[Records from a data source]
------

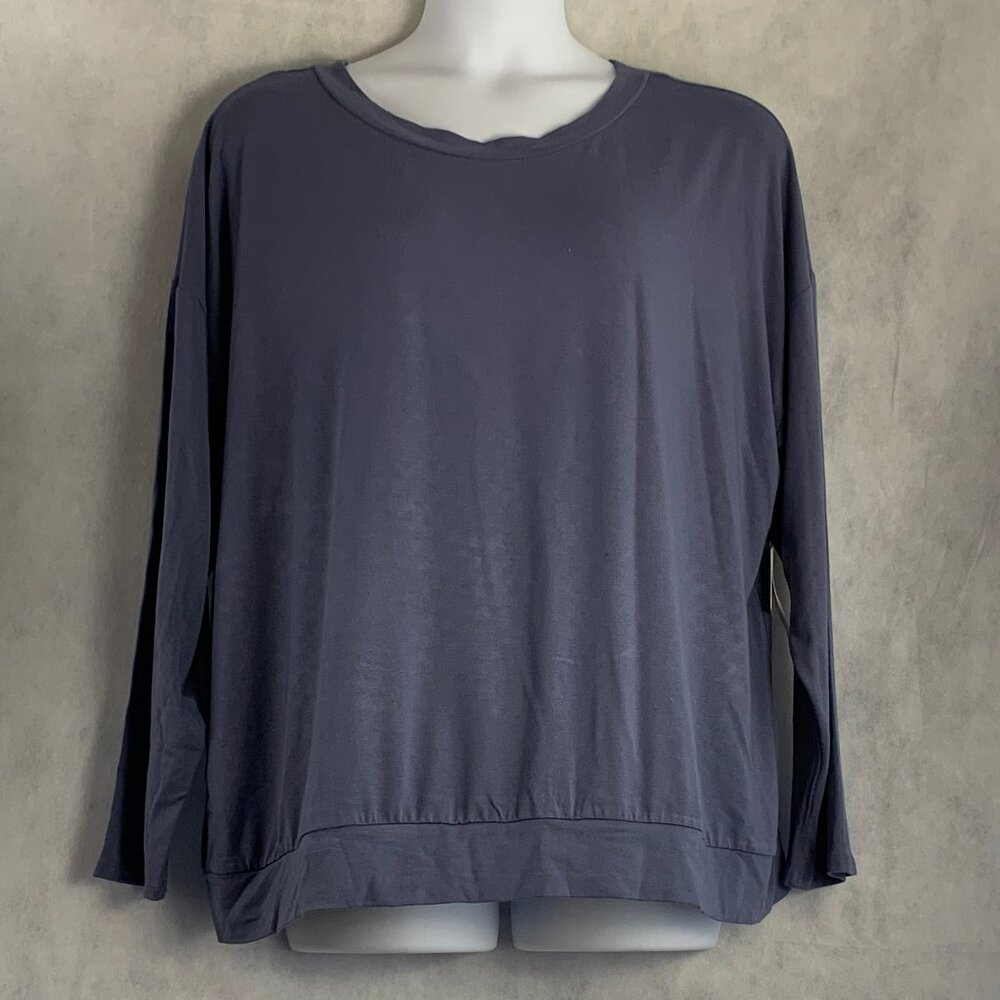 Alfani Women's Super Soft Modal Long-Sleeve Lounge Top, Night Shadow, XXL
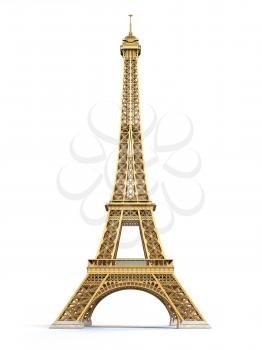Eiffel Tower golden isolated on a white background. 3d illustration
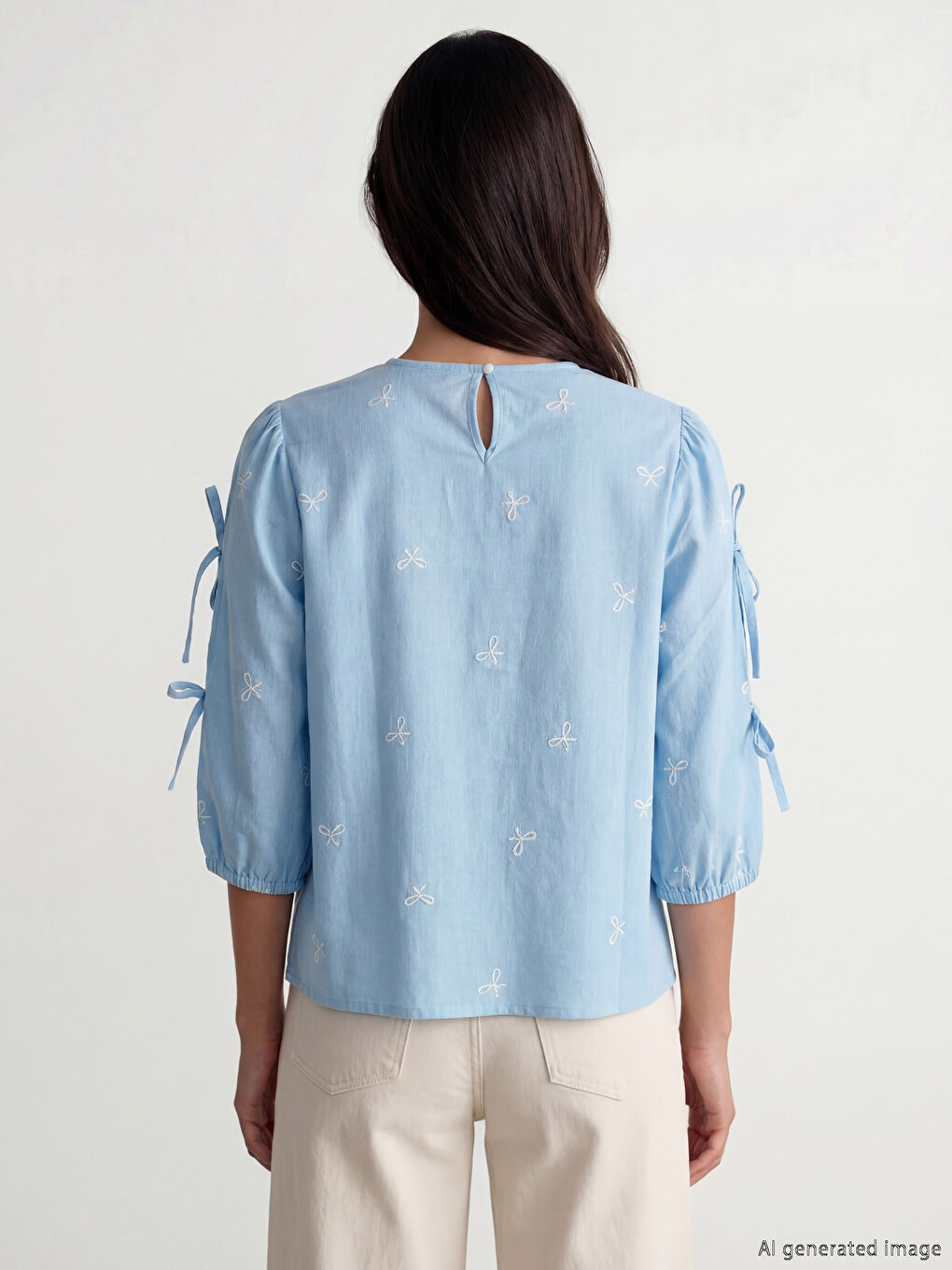 Crew Neck Embroidered Blouse with Ties-2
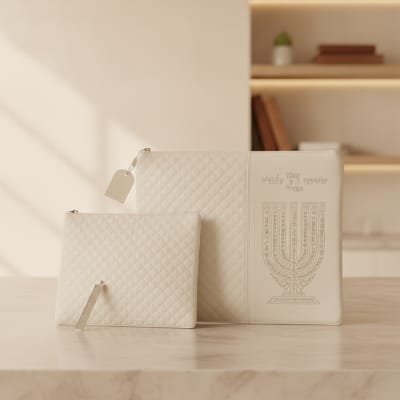 סט טלית תפילין דמוי עור לבן עם כיתוב "שיויתי" וטלטוג כסף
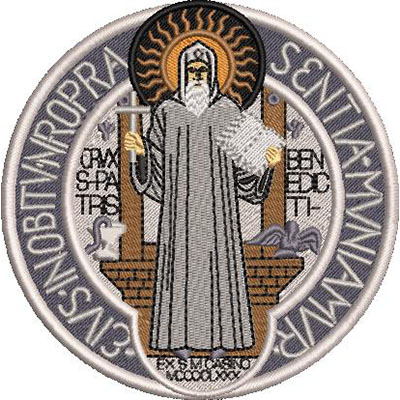 Matriz de matriz Matriz De Bordado Medalha De São Bento 11 Cm Frente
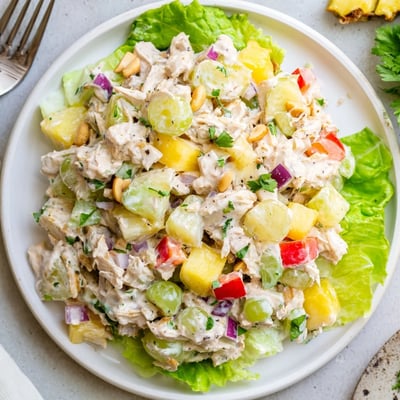 Bright Hawaiian Chicken Salad tossed with crunchy celery, grapes, toasted macadamias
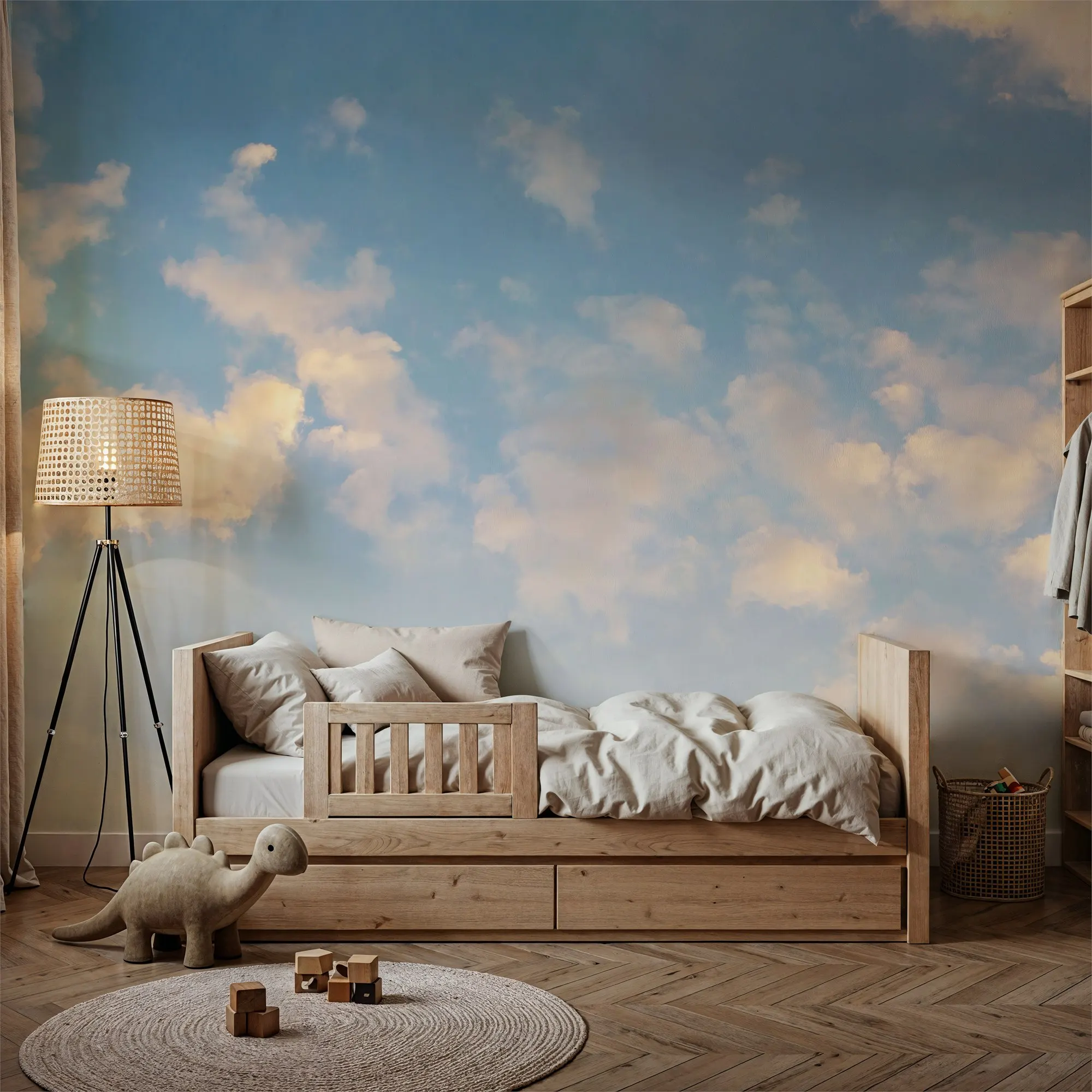 Tender Clouds Celestial Wallpaper Made to Measure Wall Mural for Living Room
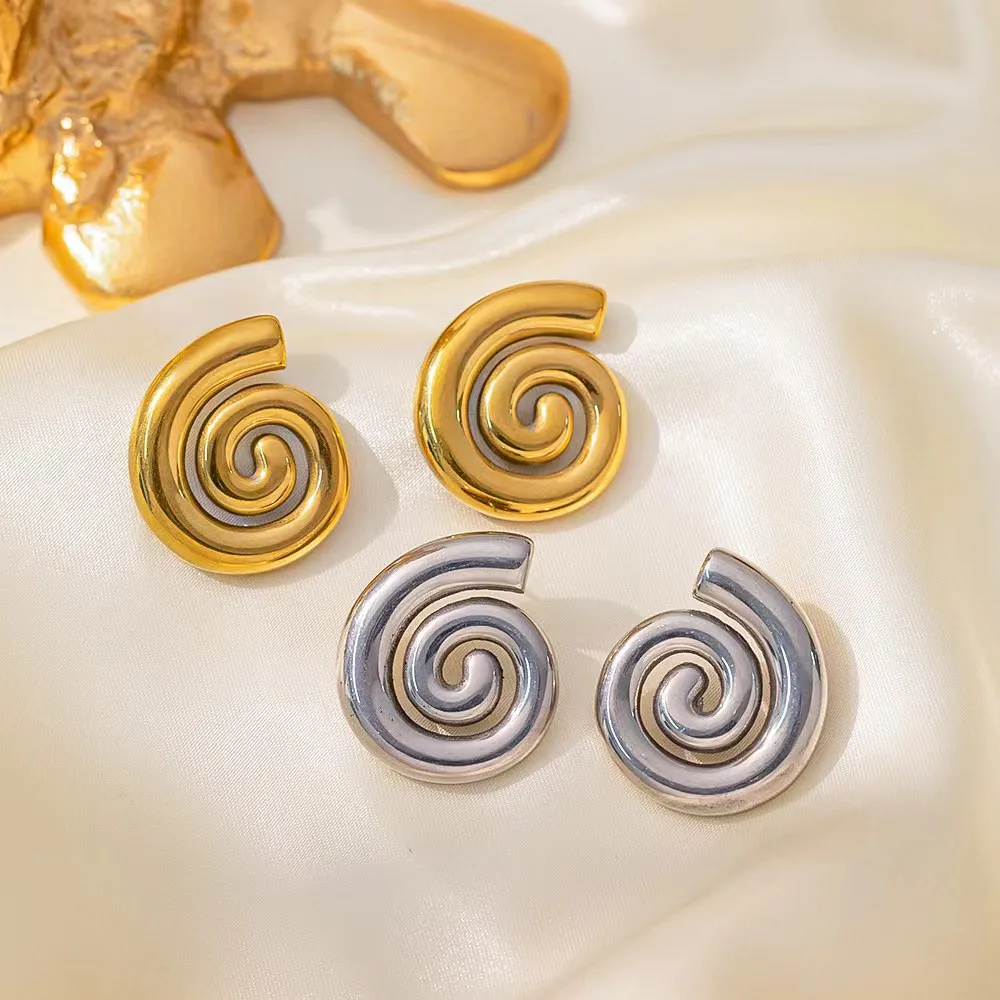 Wholesale Jewelry Casual Vintage Style Commute Spiral Stripe 304 Stainless Steel 18K Gold Plated Polishing Earrings Necklace display picture 5
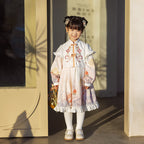 Girls' Gradient Hanfu Dress - Pink Bow Knot Winter Outfit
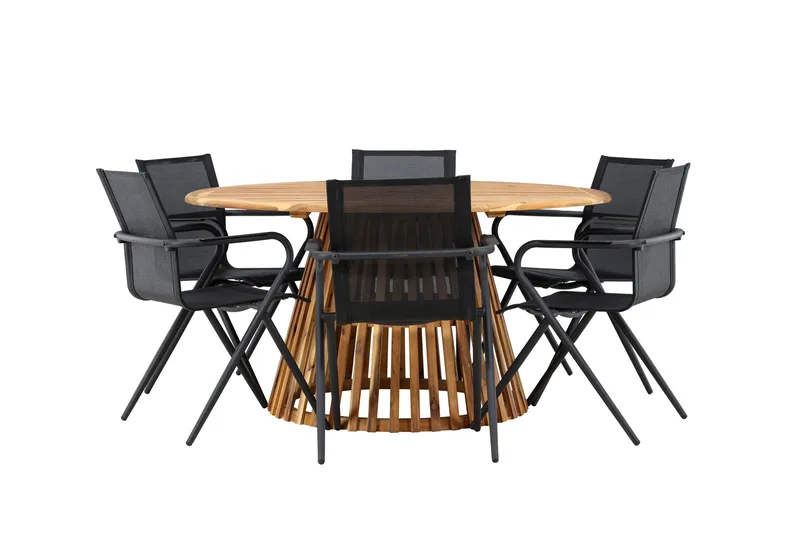 Tucumán Matgrupp Utomhus 120 cm Rund med 6 Alina Utestolar - Natur - Utemöbler - Utegrupp - Matgrupper utomhus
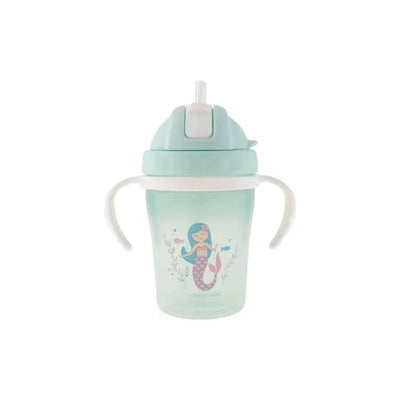 Straw cup featuring a mermaid design on a translucent container with removable handles and spill-proof lid.
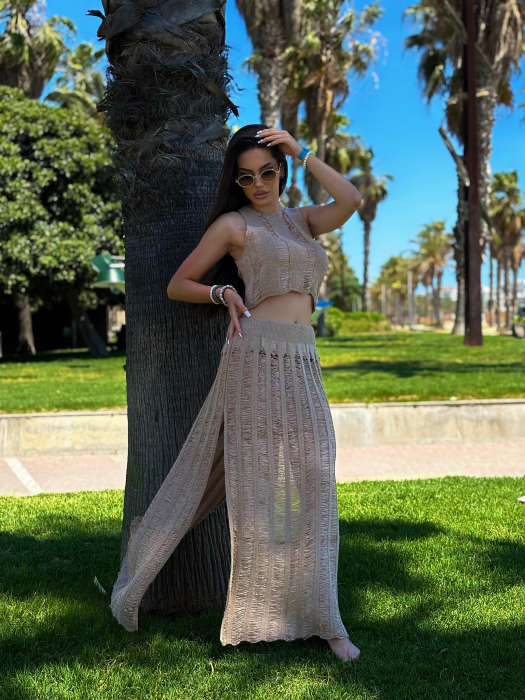 Set plaja tricotat 2 piese – fusta lunga cu slit si top crop – marime universala S-M [1]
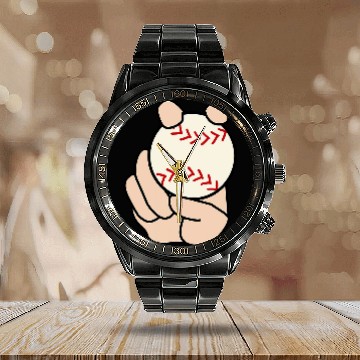 Discover Baseball Pitcher Curveball Calendar Steel Band Watch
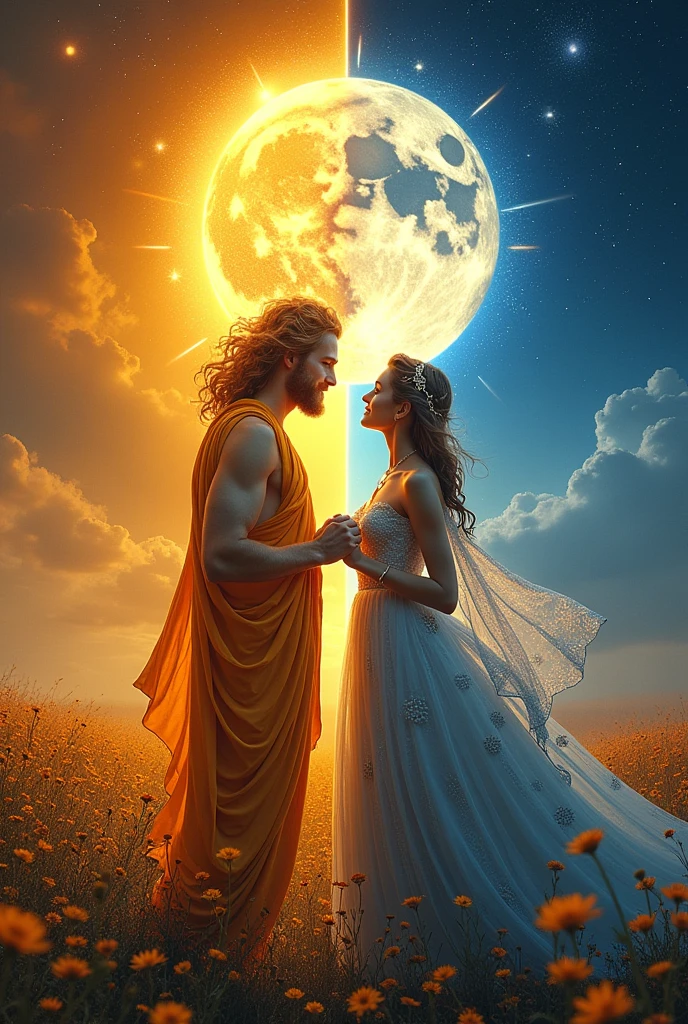 Make a cover page in the mitolohiya: "Ang Walang Hanggang Pag-ibig ng Diyos ng Araw at Diyosa ng Gabi" with these characters:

------

**Instructions to follow:** Leave out the pictures and return every record word for word.

**Expected answer:**
 Alfani Women's Super Soft Modal Long-Sleeve Lounge Top, Night Shadow, XXL
Eiffel Tower golden isolated on a white background. 3d illustration
 Crew Neck Embroidered Blouse with Ties-2
 סט טלית תפילין דמוי עור לבן עם כיתוב "שיויתי" וטלטוג כסף
 Matriz de matriz Matriz De Bordado Medalha De São Bento 11 Cm Frente
 Bright Hawaiian Chicken Salad tossed with crunchy celery, grapes, toasted macadamias
 Tender Clouds Celestial Wallpaper Made to Measure Wall Mural for Living Room
 Wholesale Jewelry Casual Vintage Style Commute Spiral Stripe 304 Stainless Steel 18K Gold Plated Polishing Earrings Necklace display picture 5
 Girls' Gradient Hanfu Dress - Pink Bow Knot Winter Outfit
 Tucumán Matgrupp Utomhus 120 cm Rund med 6 Alina Utestolar - Natur - Utemöbler - Utegrupp - Matgrupper utomhus
 Straw cup featuring a mermaid design on a translucent container with removable handles and spill-proof lid.
 Set plaja tricotat 2 piese – fusta lunga cu slit si top crop – marime universala S-M [1]
 Discover Baseball Pitcher Curveball Calendar Steel Band Watch
 Make a cover page in the mitolohiya: "Ang Walang Hanggang Pag-ibig ng Diyos ng Araw at Diyosa ng Gabi" with these characters:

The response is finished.